The investment manager, which specialises in community care properties, has spent the last two years exploring opportunities in Scandinavia.
Civitas invests in assets with buildings to support people with learning disability and autism, mental health illnesses, addiction and NHS step-down and homelessness accommodation. It rebranded this week, having previously operated as Civitas Group.
It has identified Scandinavia and Germany as “likely launch points” for initial investment, which will range from €250m to €500m.
The firm is in discussions with investors to back the fund, and aims to make its first acquisition in the next 12 months.
Group director Andrew Dawber said: “First funds are always difficult to judge in terms of size. That sort of range is a sensible place to start with.
“We don’t want to take so much capital that we are under pressure to deploy it very quickly. Equally we don’t want to be too small so that we are not really relevant.”
It is speaking to global investors to back the venture, including socially responsible impact funds in Europe, sovereign wealth funds and Asian investors. Civitas expects to grow the wider portfolio by at least £1bn every year.

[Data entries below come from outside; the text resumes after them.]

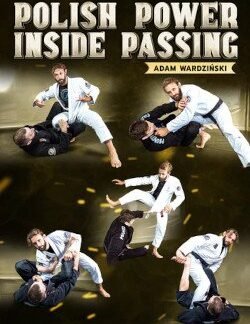 Polish Power Inside Passing By Adam Wardzinski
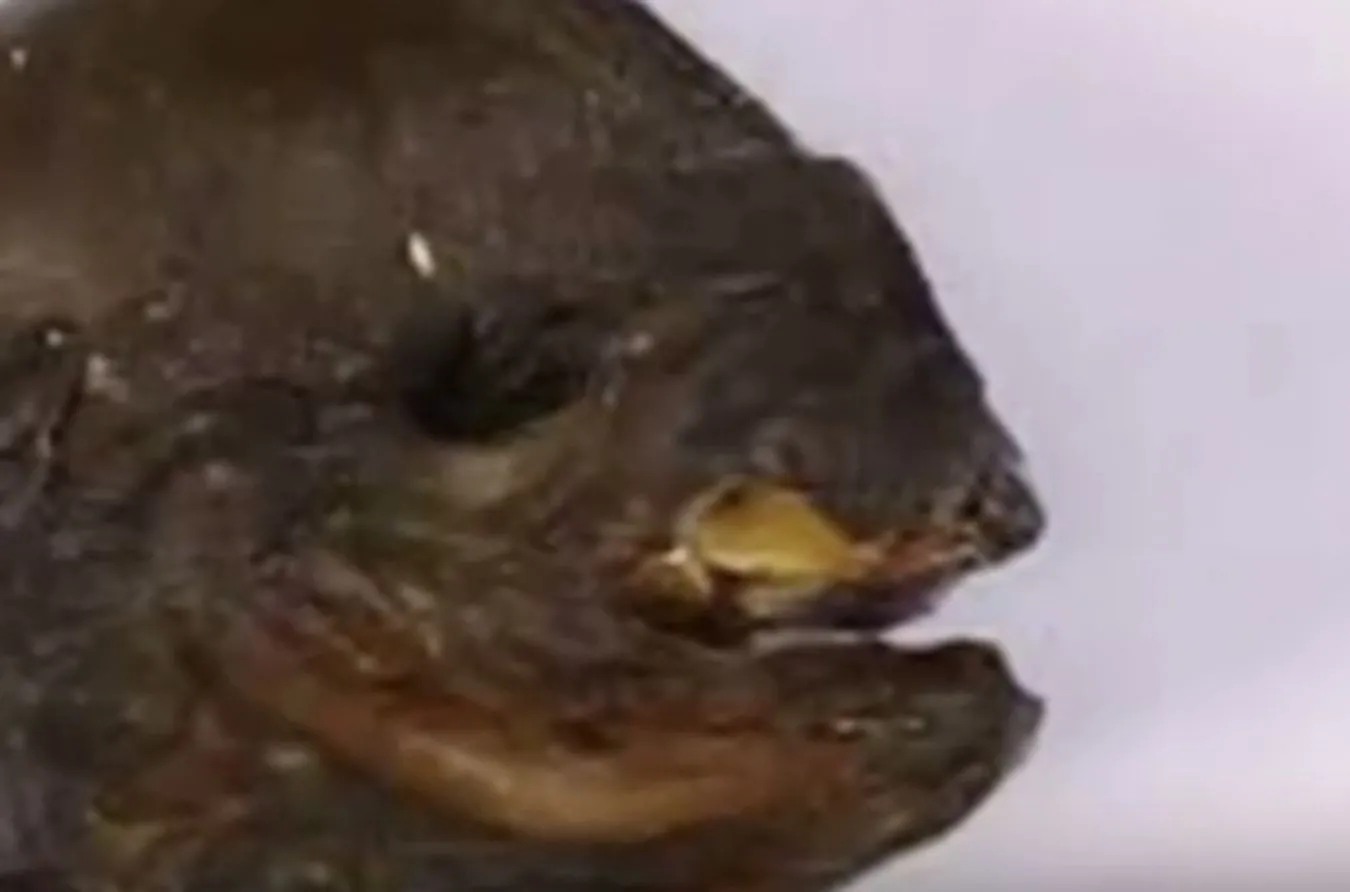 Zwierzę czy kosmita?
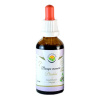 Salvia Paradise Bacopa monnieri Brahmi AF tinktura 50 ml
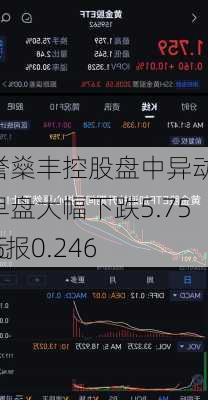 誉燊丰控股盘中异动 早盘大幅下跌5.75%报0.246
元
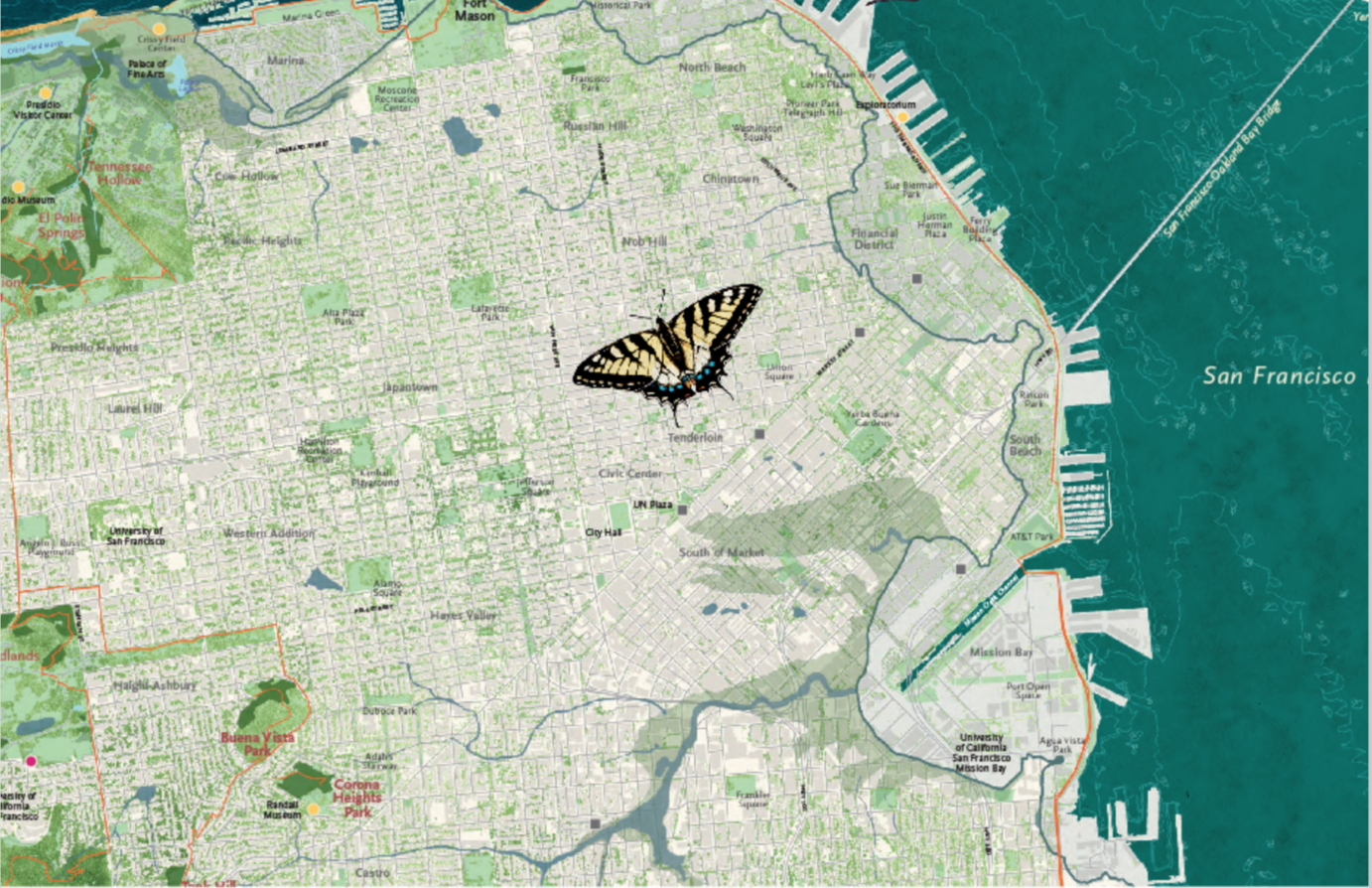 Nature in the City Butterfly Flying free.png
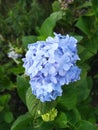 Close-up photo of blue hydrangea flower Royalty Free Stock Photo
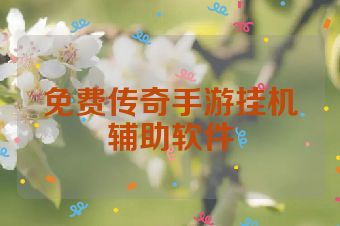 免费传奇手游挂机辅助软件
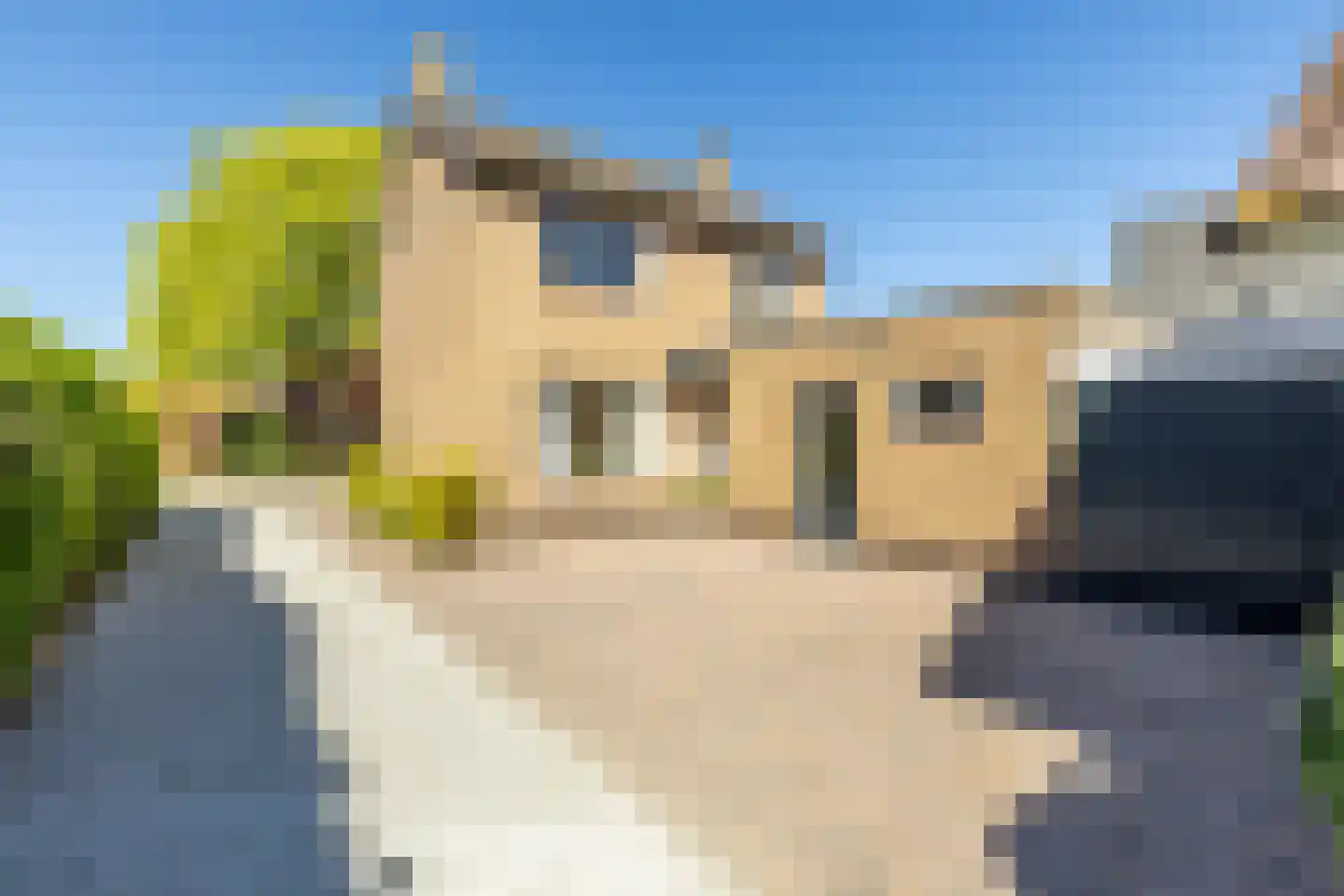 Koningin Julianastraat 12 Rijsbergen thumbnail 10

Civitas will look to replicate its UK acquisition strategy in Europe, acquiring properties of between £1m to £10m with a focus on mental health and children’s services.
It already has £2bn in assets under management in the UK, with £900m through the social housing REIT, £1bn in infrastructure via an Asian investor and £400m of development under way in a jv with Schroders.
“We’ve been starting to identify potential assets and looking at local partners,” said Dawber.
“When you get down to this community level, people like them because they are state-funded and they have a strong social purpose, but finding them has always been the tricky part.”
Civitas will also look to grow existing partnerships, new joint ventures, and raise finance through the social housing REIT, boosting AUM by £1bn a year.
Dawber said: “There’s an enormous opportunity for the private sector to be able to step up, if it is prepared to accept reasonable, responsible returns for low-risk investments over the long-term.”